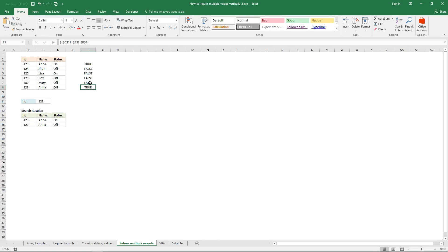Now I want to build a formula that returns the relative position in the array. If it is true, it returns the position — this is the first value in the array so it returns 1. If it is false, it returns nothing. Down here it returns true, so this will return 1, 2, 3, 4, 5, 6.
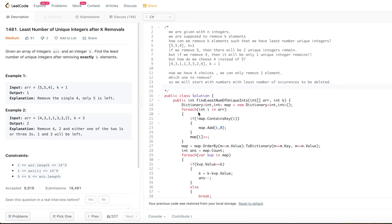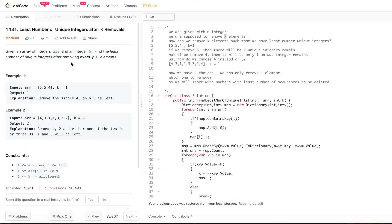Let's jump into today's problem: Least Number of Unique Integers After K Removes. Given an array of integers and an integer k, find the least number of unique integers after removing exactly k elements. We are given two inputs — an array of integers and an integer k. Let's say the number of integers in the array is n. We are supposed to remove k elements, and our task is to find the least number of unique integers possible after removing k elements.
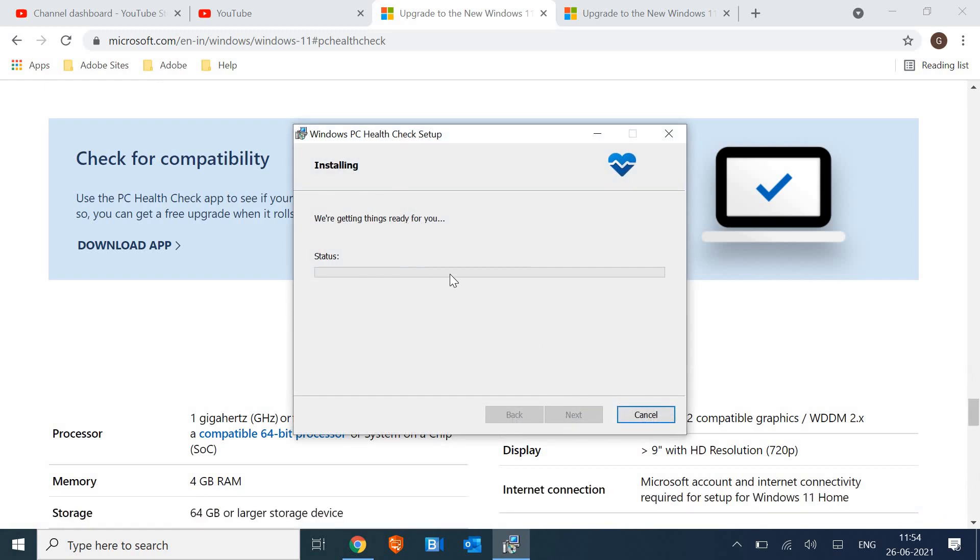So this will check the whole environment of the computer which is very good. Currently I have my computer is absolutely compatible because it's a 10th generation computer, i7 processor, 16 gigabytes of RAM, SSD hard drive, so everything is fine but still I'll check whether it's running absolutely fine or not in my machine.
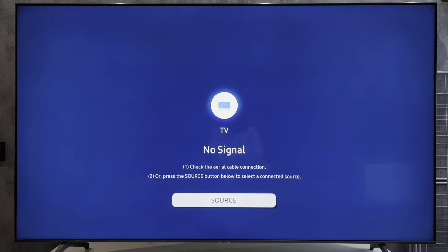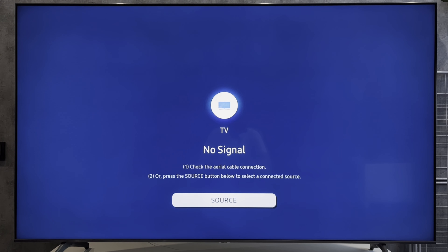Hey everybody, you're on the Geekbox YouTube channel. Today I will tell you how to remove retail mode on Samsung TV. Let's go.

Problem requirements -
I would like the data above transcribed exactly, with its pictures left out.

Task response -
Now I want to build a formula that returns the relative position in the array. If it is true, it returns the position — this is the first value in the array so it returns 1. If it is false, it returns nothing. Down here it returns true, so this will return 1, 2, 3, 4, 5, 6.
Let's jump into today's problem: Least Number of Unique Integers After K Removes. Given an array of integers and an integer k, find the least number of unique integers after removing exactly k elements. We are given two inputs — an array of integers and an integer k. Let's say the number of integers in the array is n. We are supposed to remove k elements, and our task is to find the least number of unique integers possible after removing k elements.
So this will check the whole environment of the computer which is very good. Currently I have my computer is absolutely compatible because it's a 10th generation computer, i7 processor, 16 gigabytes of RAM, SSD hard drive, so everything is fine but still I'll check whether it's running absolutely fine or not in my machine.
Hey everybody, you're on the Geekbox YouTube channel. Today I will tell you how to remove retail mode on Samsung TV. Let's go.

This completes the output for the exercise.